Jakob Lorber - De Huishouding van God (deel 1)

«« 105 / 187 »»
[1] De stoet trok nu het bos in en alles was stil; alleen Jared kon niet zwijgen en vroeg aan Henoch: "Luister, mijn zoon, hebben wij een gebod om onderweg te zwijgen?"
[2] Waarop Henoch antwoordde: "Ik kan mij geen andere herinneren dan alleen de raad dat men altijd in stilte moet gaan; alleen vat ik het gaan dan op als de levensweg, maar niet het gaan met de voeten!"
[3] En Jared antwoordde: "Als het zo is, dan heeft onze tong, net als onze voeten onderweg geen keten die ons hindert en kunnen wij toch naar hartelust spreken; en maak mij, je vader, nu bekend met wat er met Asmahaël aan de hand is!
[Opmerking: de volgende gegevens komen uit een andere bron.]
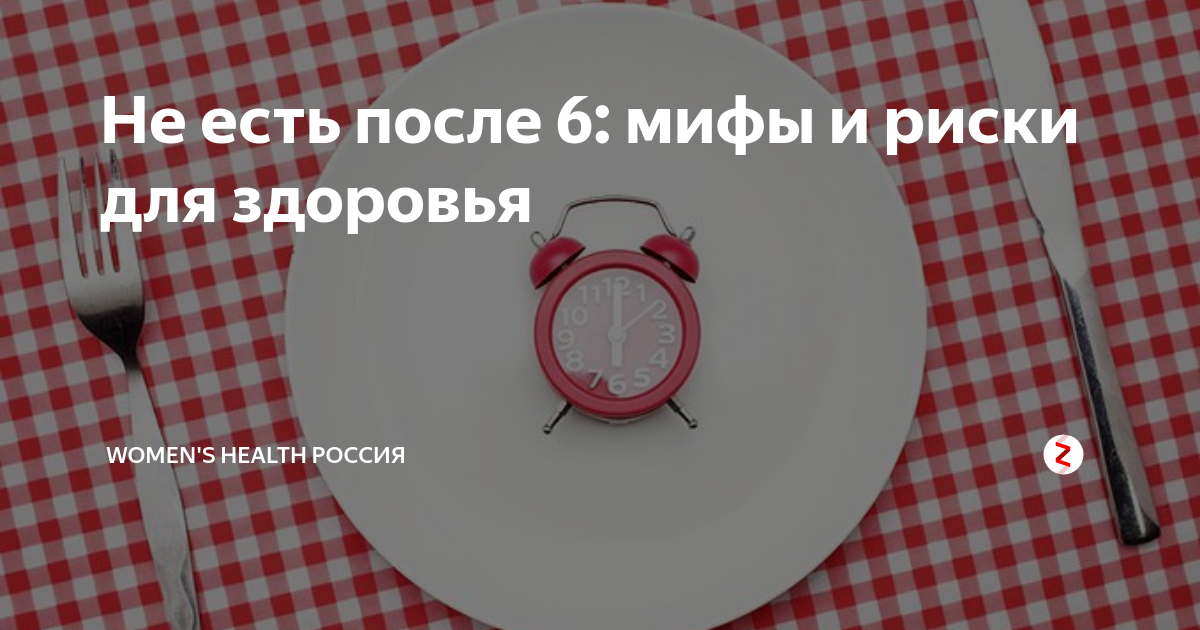 Вечером не жрать. Вечерний прием пищи. Есть после 18:00 1920х1080. Древние диеты. Не жрать прикольные надписи.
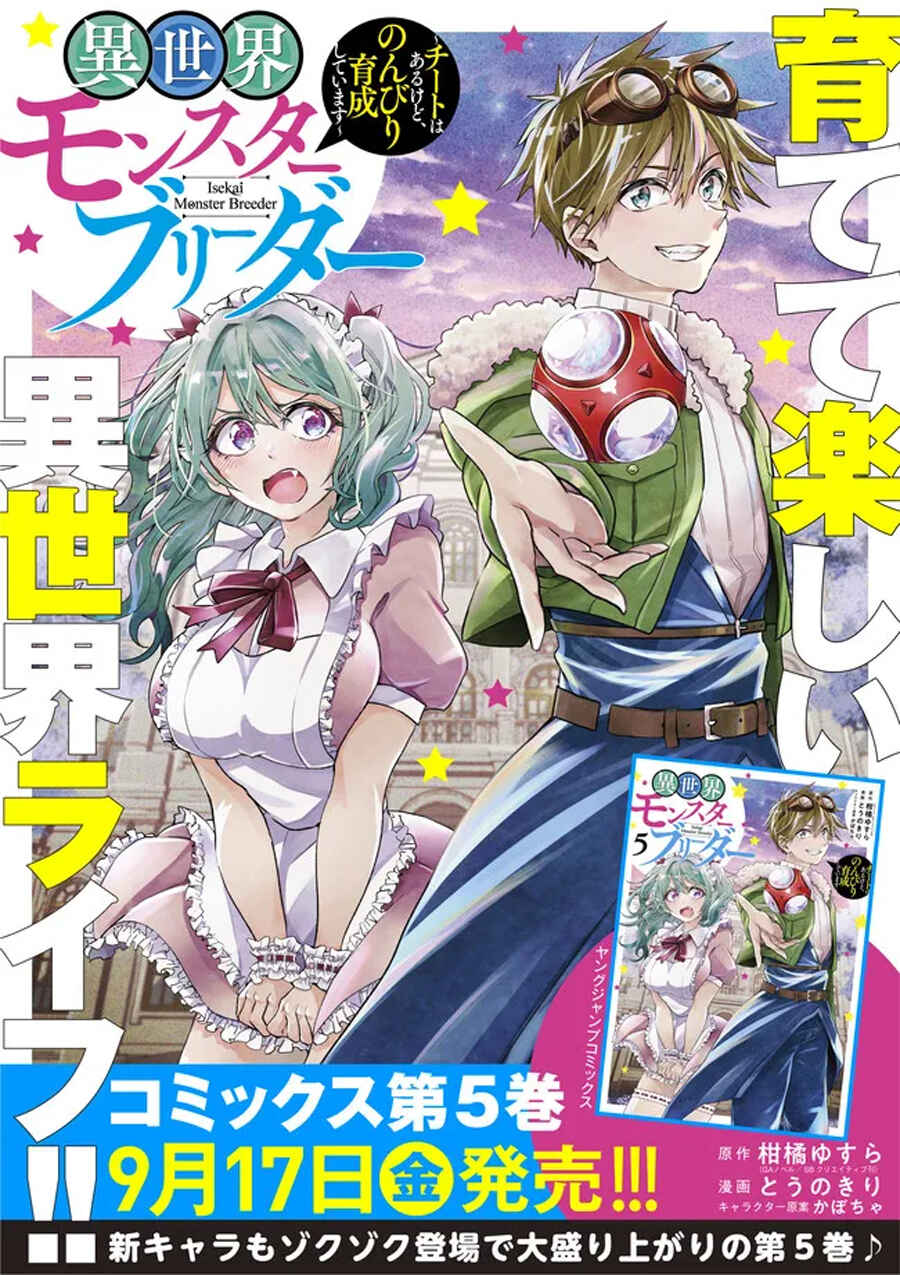 Page 14 Chapter 74 Isekai Monster Breeder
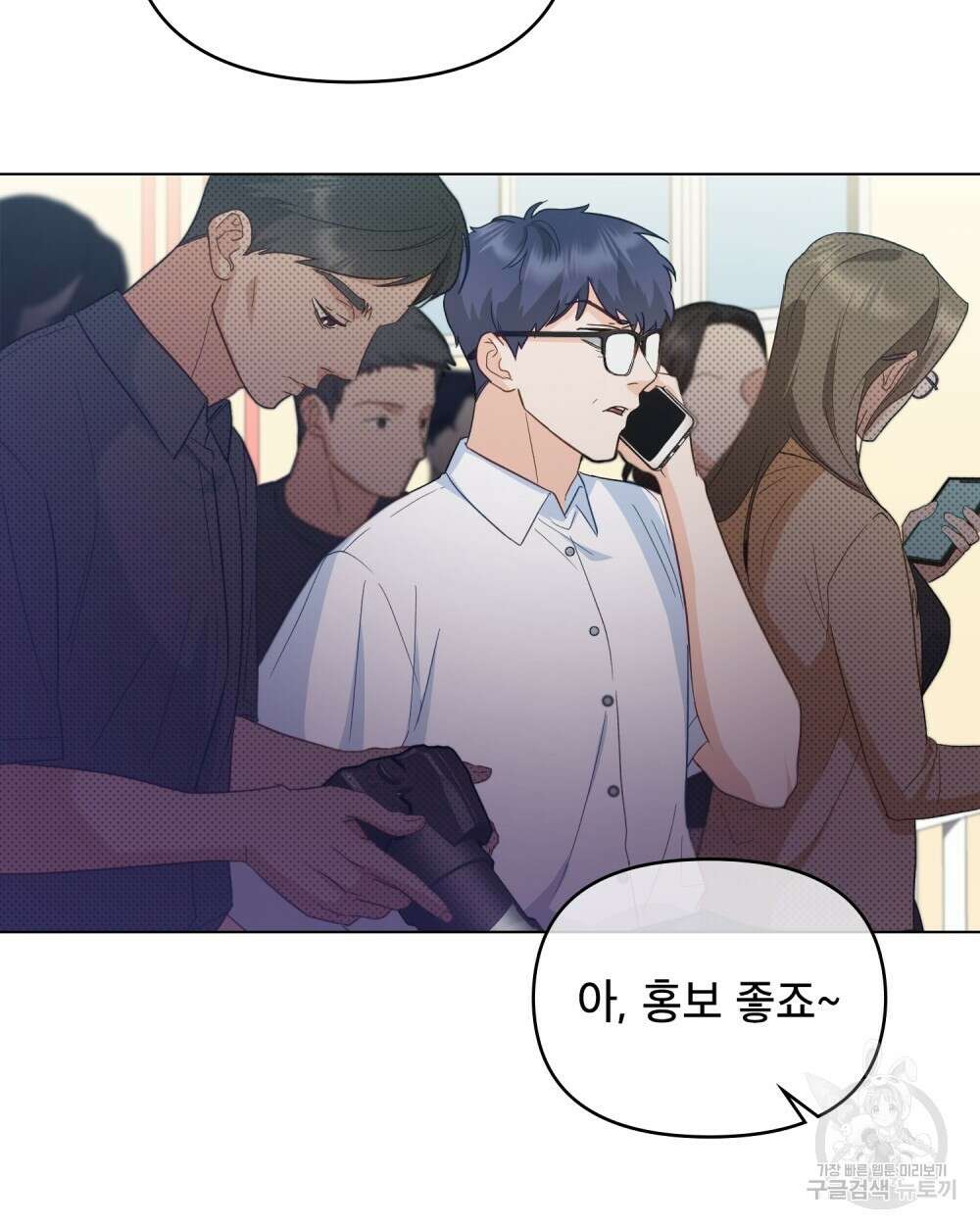 기레기와 함께하는 연예계 생활 7화 44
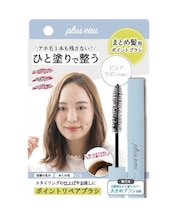 ポイント リペアブラシ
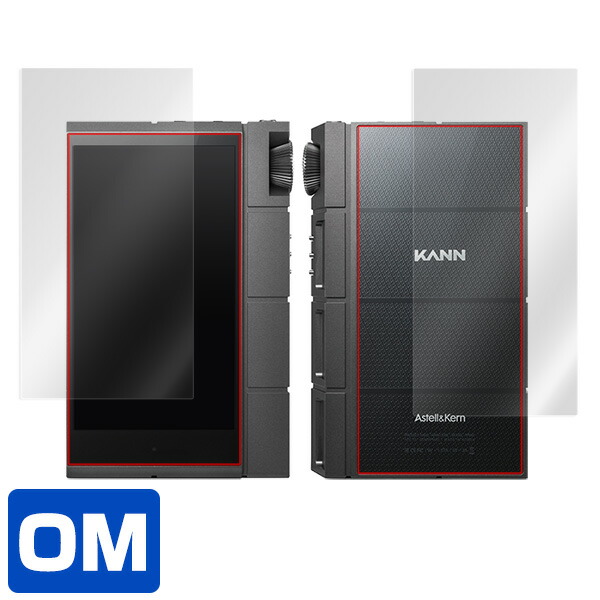 Astell & Kern KANN CUBE 表面・背面セット 保護シート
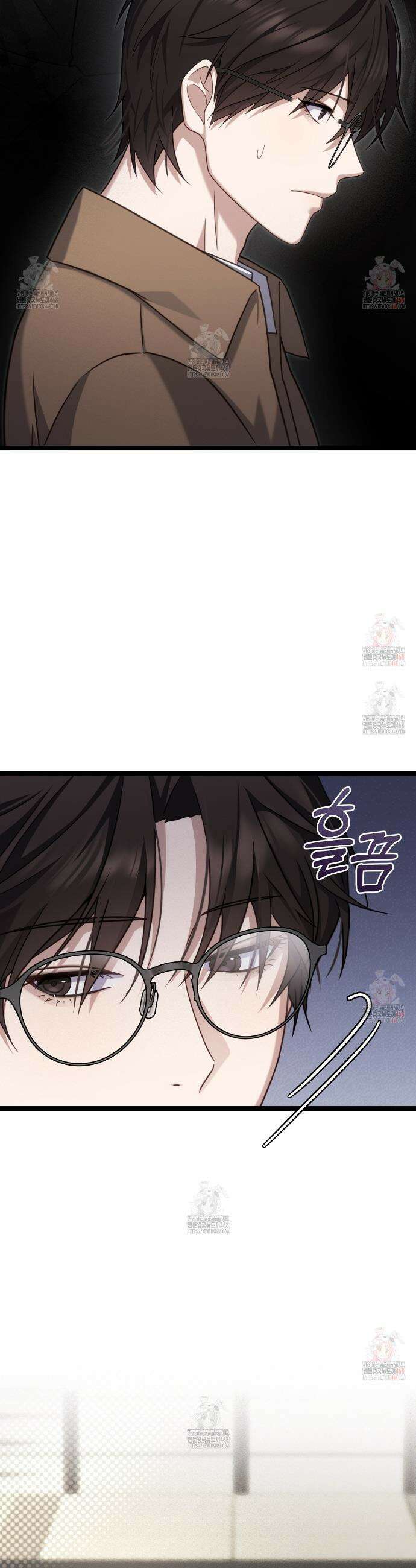 테소로 오브 더 가이드 14화 9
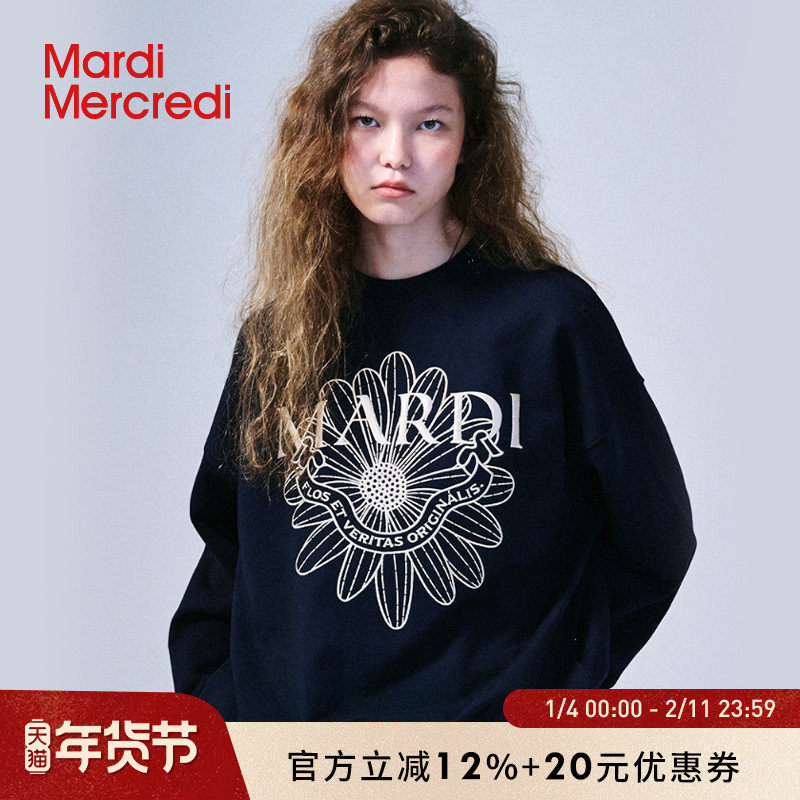 MardiMercredi小雏菊飘带刺绣圆领卫衣韩系学院徽章宽松纯棉上衣,女装/女士精品,卫衣/绒衫,淘宝优惠券,粉丝福利购,淘宝优惠卷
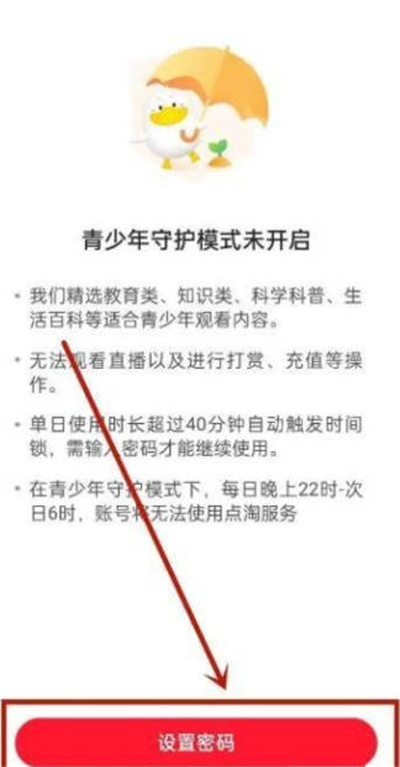 点淘怎么开启未成年模式[图片3]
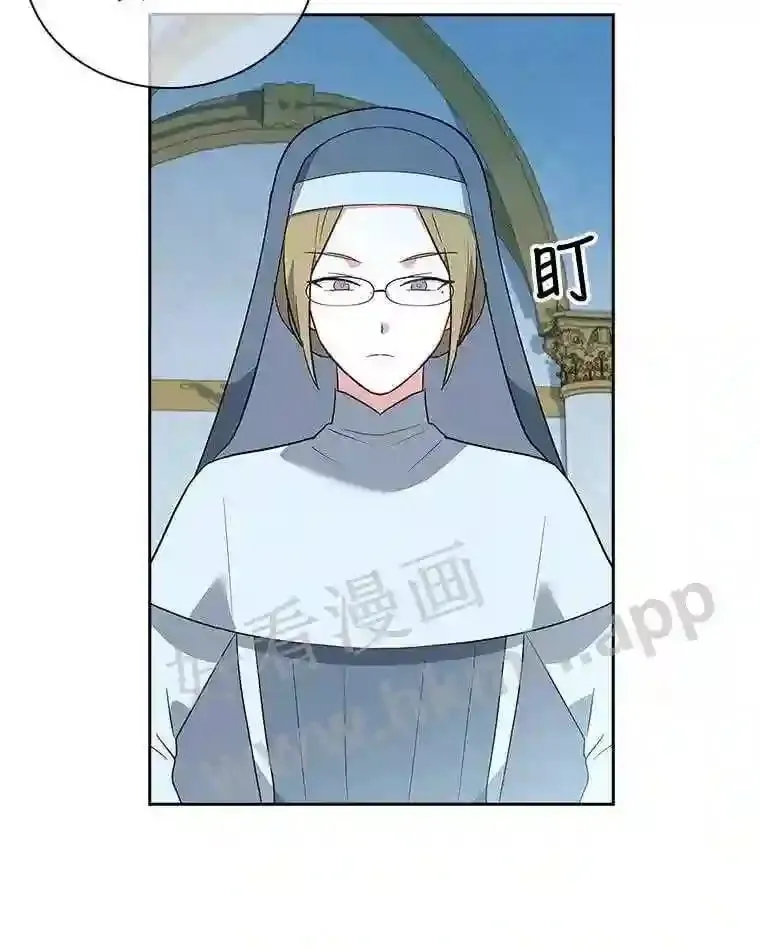 3.朋友 第77页
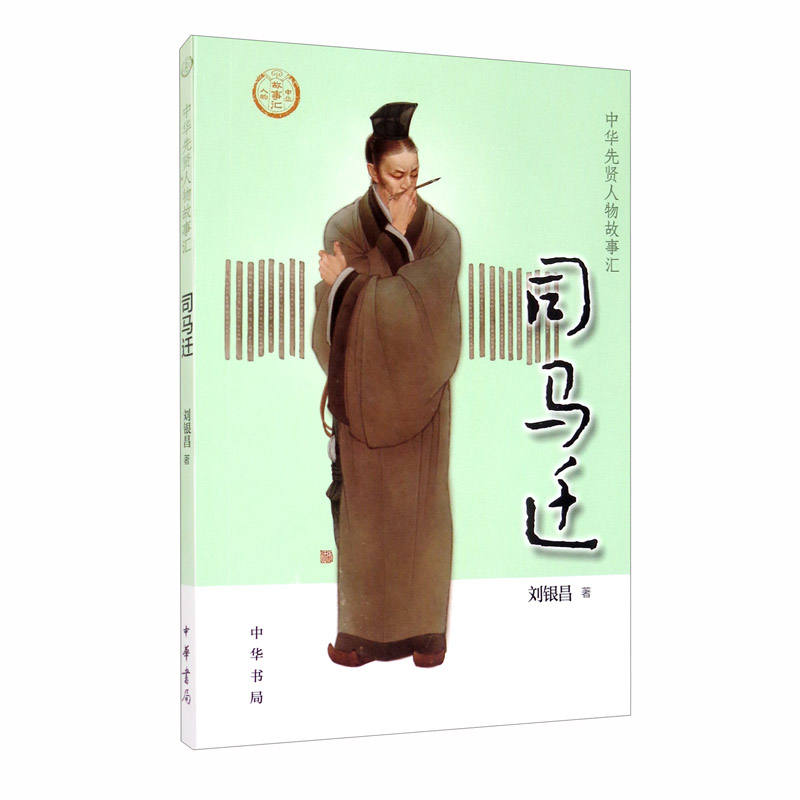 【0-14岁】司马迁 中华先贤人物故事汇系列丛书中华书局弘扬优秀传统文化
Is hij een belichaamde engel, met alle macht toegerust, of is hij - halt, niet verder! kort en goed, zeg me hoe jij erover denkt! Amen."
[4] Henoch antwoordde kort: "Lieve vader, ik zeg je: Hij is - halt, niet verder! - en nu is Hij voorshands een mens zoals wij, maar vervuld van goddelijke kracht en macht - halt, ook hier niet verder! - Amen; begrijp dit! Amen."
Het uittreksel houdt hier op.